Belly aching.  Exaggerating.  Symptom magnification.  We’ve all heard injured workers complaining more about their pain than the objective findings reveal, especially if the E/C possesses successful surviellance that shows otherwise.  But, is this tantamount to fraud?  

According to the First DCA, no it is not.

Diuejeste v. Dodd Plumbing was one of the oral arguments I stayed to watch after my oral argument last month.  It was interesting to watch the appellate panel examine the facts of the case.  From what I witnessed firsthand, yesterday’s ruling was of no surprise.

Mr. Duijeste injured both his knees in a compensable accident.   He ultimately had surgery to one of the knees and was being recommended for a total knee replacement of the other knee.  At two depositions, Mr.

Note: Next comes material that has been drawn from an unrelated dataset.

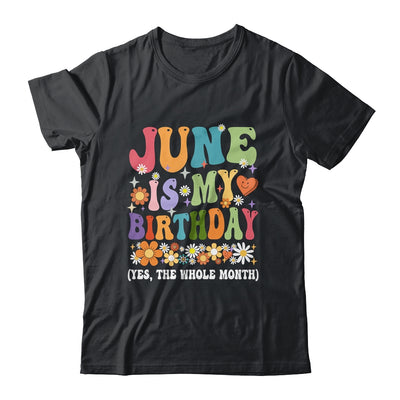 June Is My Birthday Yes The Whole Month Birthday Groovy Shirt & Tank Top | siriusteestore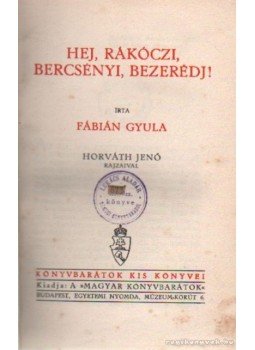 Fábián Gyula - Hej Rákóczi, Bercsényi, Bezerédj! Fábián Gyula - Hej Rákóczi, Bercsényi, Bezerédj!, 0 antikvár könyv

Duijeste testified that he needed to use a cane to ambulate. . . sometimes.  He testified of severe knee pain.  Even his own doctor reported Claimant’s subjective pain complaints and the off and on use of the cane. 

Subsequent surveillance revealed Duijeste carrying a laundry basket and not using the cane until just before he steps into his doctor’s office.  Yet, none of his doctors testified that the behavior in the video surveillance was inconsistent with Duijeste’s statements or presentations to them.  Despite this evidence, the JCC found fraud because Claimant was attempting to portray himself much more disabled than the surveillance revealed.

What the First DCA panel (composed of Judges Davis, Benton, and Padavano) kept questioning the E/C  was: where are the statements?  And, E/C could not point to any. 

Under sections 440.09(4) and 440.105(4), there must be oral or written statementsby Claimant to obtain benefits to justify misrepresentations or fraud.  The JCC and the E/C asserted that Claimant’s nonverbal actions justified the fraud ruling, but the First DCA clearly disagreed.  In other words, just because a Claimant is belly aching about more pain than he truly has, without a definitive statement it is not fraud.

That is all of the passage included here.